### Data for processing
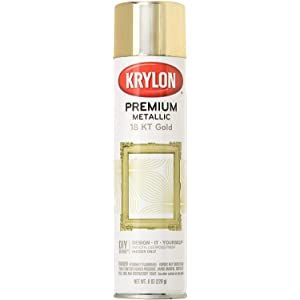 Krylon K01000A07 Premium Metallic Spray Paint Resembles Actual Plating, 18K Gold, 8 oz | Amazon (US)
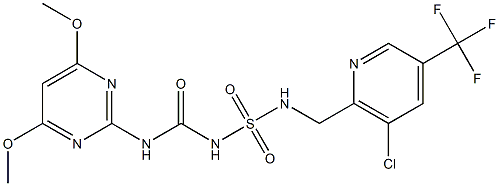 1-({[3-chloro-5-(trifluoromethyl)pyridin-2-yl]methyl}sulfamoyl)-3-(4,6-dimethoxypyrimidin-2-yl)urea Struktur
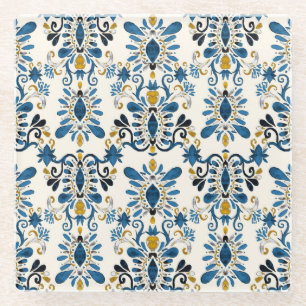 Dessous-de-verre En Verre teinture à cravate Ikat, aquarelle tribale
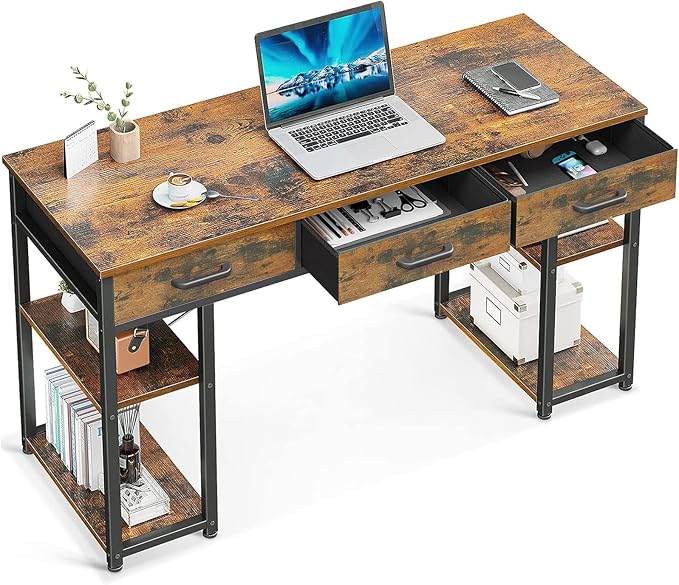 ODK Office Small Computer Desk: Home Table with Fabric Drawers &amp Storage Shelves Modern Writing Desk Vintage 48x16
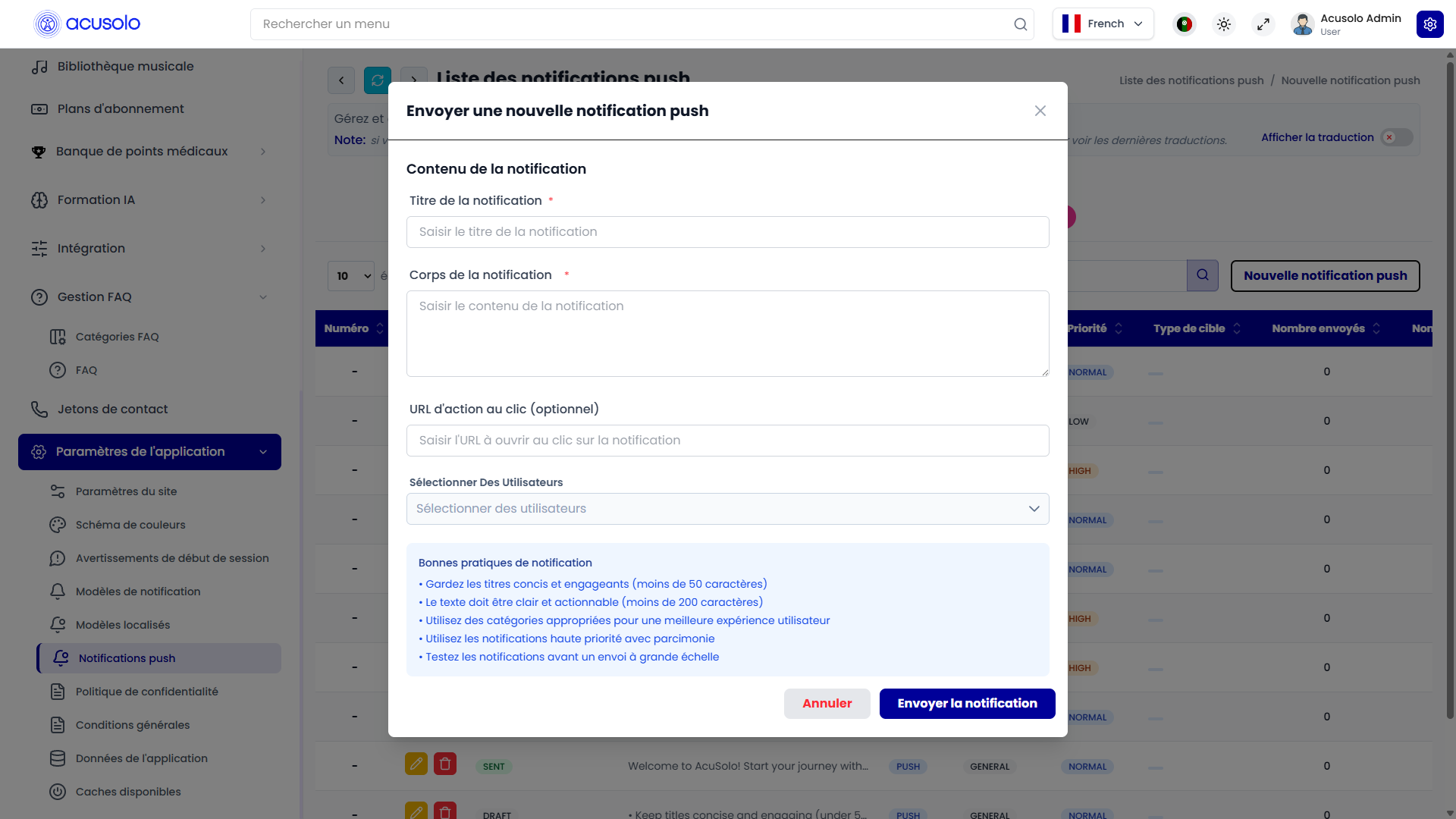 Create push notification modal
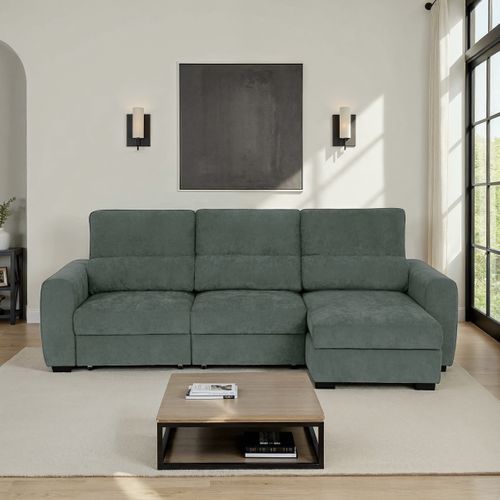 Canapé d'angle méridienne REYNOLDS II tissu vert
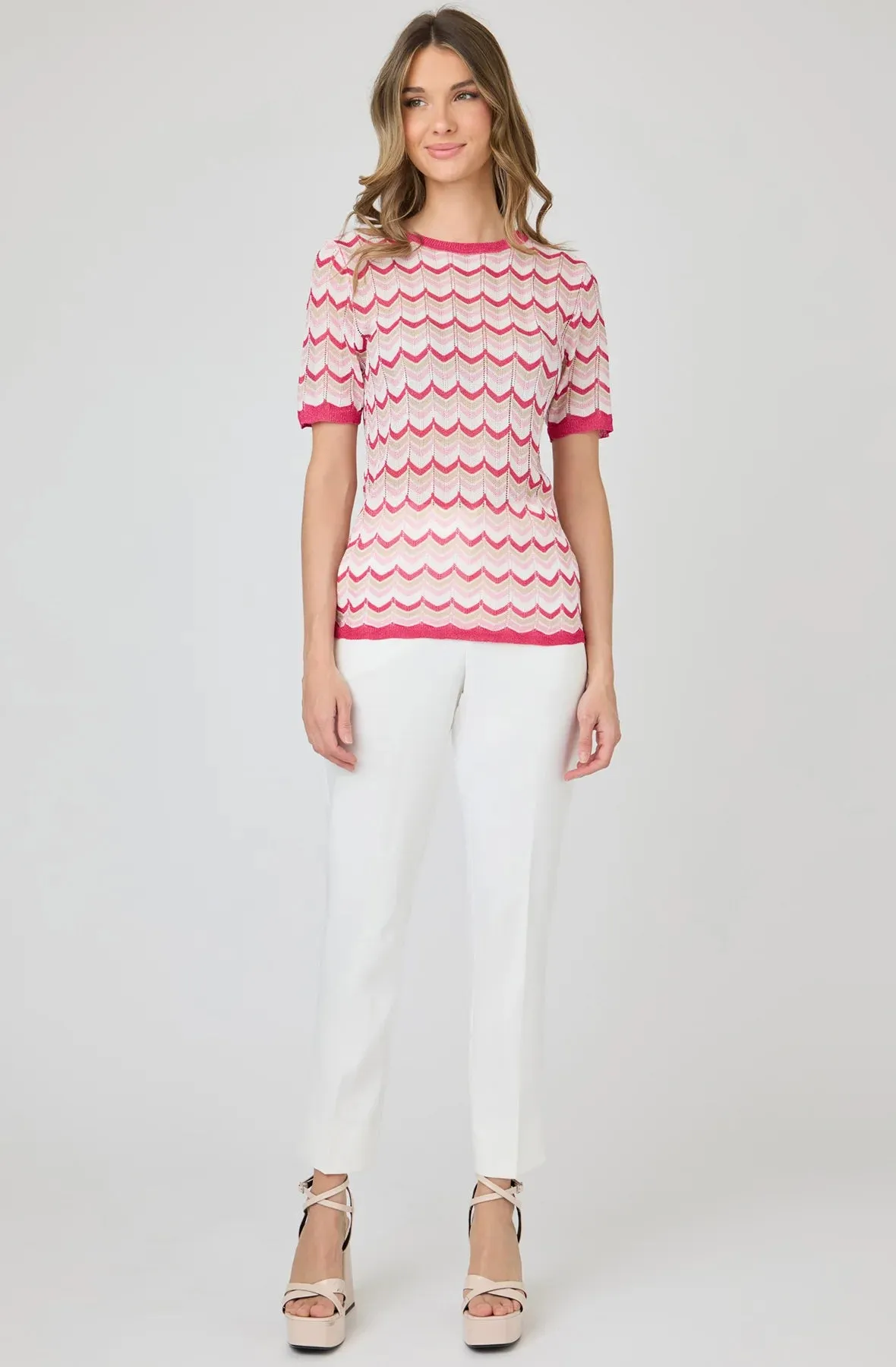 Metallic Chevron Knit Top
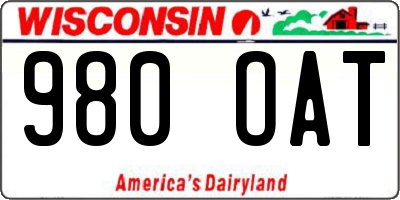WI license plate 980OAT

### Task directions
Skip the images and restate each record above word for word.

### Expected answer
 Krylon K01000A07 Premium Metallic Spray Paint Resembles Actual Plating, 18K Gold, 8 oz | Amazon (US)
 1-({[3-chloro-5-(trifluoromethyl)pyridin-2-yl]methyl}sulfamoyl)-3-(4,6-dimethoxypyrimidin-2-yl)urea Struktur
 Dessous-de-verre En Verre teinture à cravate Ikat, aquarelle tribale
 ODK Office Small Computer Desk: Home Table with Fabric Drawers &amp Storage Shelves Modern Writing Desk Vintage 48x16
 Create push notification modal
 Canapé d'angle méridienne REYNOLDS II tissu vert
 Metallic Chevron Knit Top
WI license plate 980OAT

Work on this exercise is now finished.